I believe definitely that waste water treatment, water remediation and desalination are going to be very interesting for India because scarcity of water is a big challenge.
Waste is also a big opportunity. The big challenge here is that urbanisation is happening at very large scale. Look at the number of cities in India and when people start living in city what are problems that you have to solve – water, waste and electricity.
Third, I think is energy efficiency. Here of course there is no policy and very few companies. But I think there is a lot of room for policy innovation which can effect changes in this sector.
Q. How do you think Indian government’s policy towards cleantech has been?
I think they have talked a lot, but I wish they have done more. They are not an obstacle, but I think they have not come out and been openly supportive. Taking an example, look at the stimulus dollars which China has. Out of their $580 billion stimulus, $106 billion is targeted towards cleantech, which is huge.
Just like India made IT services industry hugely strategic 10-15 years ago, I think the country has a fantastic chance of making cleantech strategic too. Because there is a huge domestic demand I think entrepreneurs and companies can come up at a fast pace which can make them globally competitive and go onto exporting.
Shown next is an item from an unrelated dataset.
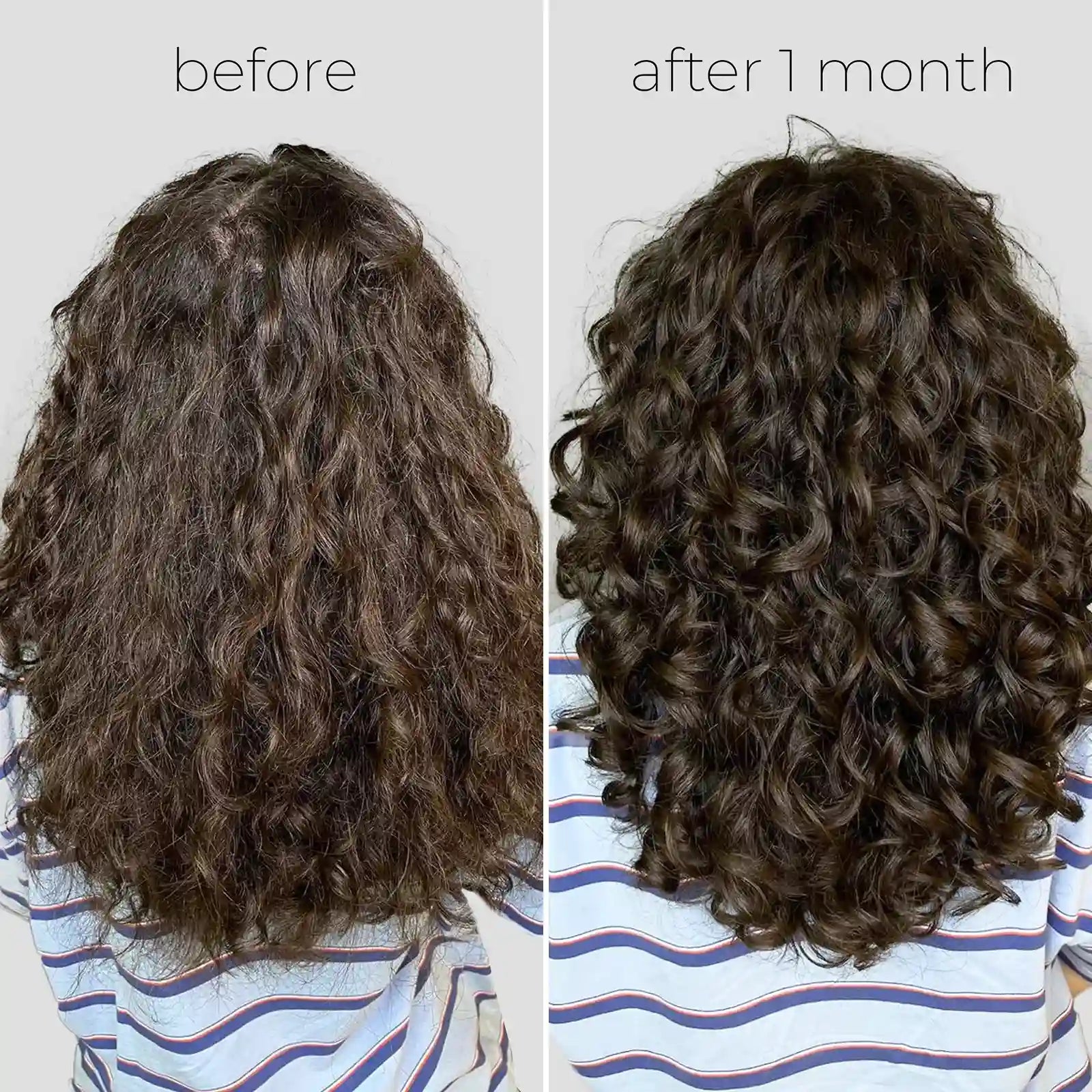 Oil Capsules For Frizzy Hair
Indian government should look at this as an investment opportunity. The Chinese government is doing this not just because it’s good for the environment, but because they think it’s a competitive advantage they can create. Similarly for the US, out of the $787 billion stimulus, $102 billion is set aside for cleantech. EU is also investing $60 billion. So where is India? I think the government has a unique opportunity do something.
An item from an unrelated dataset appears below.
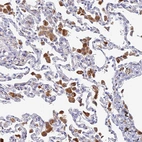 Immunohistochemical staining of human lung shows moderate granular cytoplasmic positivity in macrophages.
Q. We have also been seeing several Asian economies allocating significant parts of their GDP towards cleantech, and renewable energy…
Definitely. And the biggest problem for the country that I see is infrastructure, which is mainly energy and transport. We have massive scarcity of power. If you can invest in a new type of power, why wouldn’t you? India did a complete quantum leap in telecom. We didn’t make investments in wire line, we went straight to wireless. We skipped a generation of technology. Why won’t you do the same thing in energy? Why would you go to 50-60 year old technology of coal and natural gas, when you can go to something new in energy business.
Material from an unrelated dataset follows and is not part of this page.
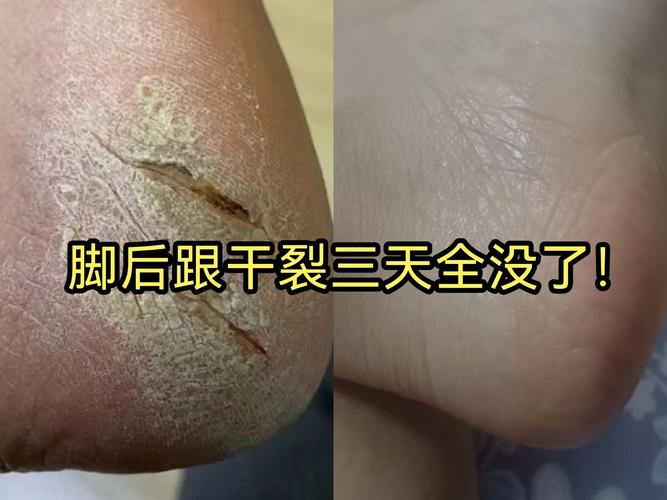 後腳跟龜裂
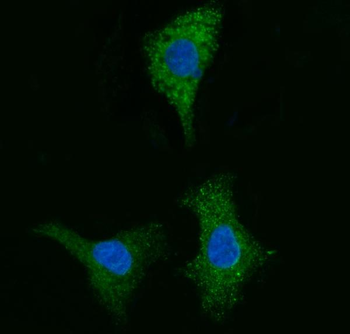 CYB5B Rabbit Polyclonal Antibody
It’s a huge opportunity. There are some very smart people at the government and they just have to get their act together. The new government has a great chance of making it happen, and I think it’s the best thing that could happen to India.
Q. A lot of VC-backed cleantech startups headquartered in the US have made India their first market for product implementation. Do you see more of that happening?
That will happen. And you will see more of that happening if access to deployment financing would be available here. We have 3-4 companies in Germany, I would love to bring them to India. The technology is so relevant and so applicable to India, and economically viable. But I need to find financing partners for deployment, not equity.
And if India does it first, it could become the platform to take it to Africa, South America and other regions.
Q. Several electric car companies have raised funding. Do you think scaling will be a challenge?
I think that’s a tough one. There are two challenges. One is that storage technology, especially batteries, have improved, but they have improved (only) by 10-20%. There is no 2x-3x in that. It is at a very incremental evolution. And still extremely expensive.
Reva is a good company, and has a great entrepreneur behind it. But to offer a (viable) car, they need a cheap and long range battery. You can put a lithium-ion battery, but that would put the car out of reach for many. Technology and cost makes it challenging. But 3-5 years down the line, I think it will be a very good opportunity.
Second is the commercial challenge when you are looking to sell an expensive car with a battery. There is a company called Better Place, where they lease batteries. I think such commercial innovation is necessary for electric car companies to take off.